[<prev] [next>] [<thread-prev] [thread-next>] [day] [month] [year] [list]
Message-ID: <281edb3a-4679-4c75-9192-a5f0ef6952ea@kernel.org>
Date: Thu, 6 Mar 2025 10:55:32 +0100
From: Matthieu Baerts <matttbe@...nel.org>
To: Eric Dumazet <edumazet@...gle.com>, Jason Xing <kerneljasonxing@...il.com>
Cc: mptcp@...ts.linux.dev, Neal Cardwell <ncardwell@...gle.com>,
Kuniyuki Iwashima <kuniyu@...zon.com>, "David S. Miller"
<davem@...emloft.net>, David Ahern <dsahern@...nel.org>,
Jakub Kicinski <kuba@...nel.org>, Paolo Abeni <pabeni@...hat.com>,
Simon Horman <horms@...nel.org>, netdev@...r.kernel.org,
linux-kernel@...r.kernel.org
Subject: Re: [PATCH net-next] tcp: clamp window like before the cleanup
Hi Eric,
On 06/03/2025 10:45, Eric Dumazet wrote:
> On Thu, Mar 6, 2025 at 6:22 AM Jason Xing <kerneljasonxing@...il.com> wrote:
>>
>> On Wed, Mar 5, 2025 at 10:49 PM Matthieu Baerts (NGI0)

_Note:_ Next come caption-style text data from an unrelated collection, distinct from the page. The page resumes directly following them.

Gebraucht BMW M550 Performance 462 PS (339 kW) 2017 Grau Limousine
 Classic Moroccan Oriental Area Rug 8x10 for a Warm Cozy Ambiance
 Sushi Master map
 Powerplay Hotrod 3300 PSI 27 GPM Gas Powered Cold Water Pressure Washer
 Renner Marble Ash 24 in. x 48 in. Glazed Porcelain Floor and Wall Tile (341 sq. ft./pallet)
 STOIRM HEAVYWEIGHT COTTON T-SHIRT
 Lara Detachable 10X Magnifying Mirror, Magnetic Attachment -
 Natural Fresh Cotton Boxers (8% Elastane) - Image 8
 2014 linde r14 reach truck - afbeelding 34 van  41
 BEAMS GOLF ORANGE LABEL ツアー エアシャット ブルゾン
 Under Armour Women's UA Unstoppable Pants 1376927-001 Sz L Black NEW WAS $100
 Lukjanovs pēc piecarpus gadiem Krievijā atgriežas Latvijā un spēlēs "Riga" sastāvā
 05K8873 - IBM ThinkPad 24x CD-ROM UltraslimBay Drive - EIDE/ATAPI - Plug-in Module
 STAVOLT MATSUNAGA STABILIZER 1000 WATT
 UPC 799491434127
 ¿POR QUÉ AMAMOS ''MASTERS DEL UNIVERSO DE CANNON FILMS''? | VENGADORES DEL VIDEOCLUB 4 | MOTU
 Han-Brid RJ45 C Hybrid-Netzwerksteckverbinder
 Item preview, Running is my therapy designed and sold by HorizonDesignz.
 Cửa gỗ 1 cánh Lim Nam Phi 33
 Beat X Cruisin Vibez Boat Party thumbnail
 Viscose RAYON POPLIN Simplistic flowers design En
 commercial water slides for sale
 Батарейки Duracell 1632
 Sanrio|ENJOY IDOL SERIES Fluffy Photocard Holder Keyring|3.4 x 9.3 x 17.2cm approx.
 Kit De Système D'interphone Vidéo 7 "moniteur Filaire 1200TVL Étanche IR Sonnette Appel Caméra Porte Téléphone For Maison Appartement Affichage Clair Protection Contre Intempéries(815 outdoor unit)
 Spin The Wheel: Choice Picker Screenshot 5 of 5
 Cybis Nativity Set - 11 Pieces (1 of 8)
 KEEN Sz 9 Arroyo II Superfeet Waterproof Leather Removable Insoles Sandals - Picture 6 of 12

>> <matttbe@...nel.org> wrote:
>>>
>>> A recent cleanup changed the behaviour of tcp_set_window_clamp(). This
>>> looks unintentional, and affects MPTCP selftests, e.g. some tests
>>> re-establishing a connection after a disconnect are now unstable.
>>>
>>> Before the cleanup, this operation was done:
>>>
>>> new_rcv_ssthresh = min(tp->rcv_wnd, new_window_clamp);
>>> tp->rcv_ssthresh = max(new_rcv_ssthresh, tp->rcv_ssthresh);
>>>
>>> The cleanup used the 'clamp' macro which takes 3 arguments -- value,
>>> lowest, and highest -- and returns a value between the lowest and the
>>> highest allowable values. This then assumes ...
>>>
>>> lowest (rcv_ssthresh) <= highest (rcv_wnd)
>>>
>>> ... which doesn't seem to be always the case here according to the MPTCP
>>> selftests, even when running them without MPTCP, but only TCP.
>>>
>>> For example, when we have ...
>>>
>>> rcv_wnd < rcv_ssthresh < new_rcv_ssthresh
>>>
>>> ... before the cleanup, the rcv_ssthresh was not changed, while after
>>> the cleanup, it is lowered down to rcv_wnd (highest).
>>>
>>> During a simple test with TCP, here are the values I observed:
>>>
>>> new_window_clamp (val) rcv_ssthresh (lo) rcv_wnd (hi)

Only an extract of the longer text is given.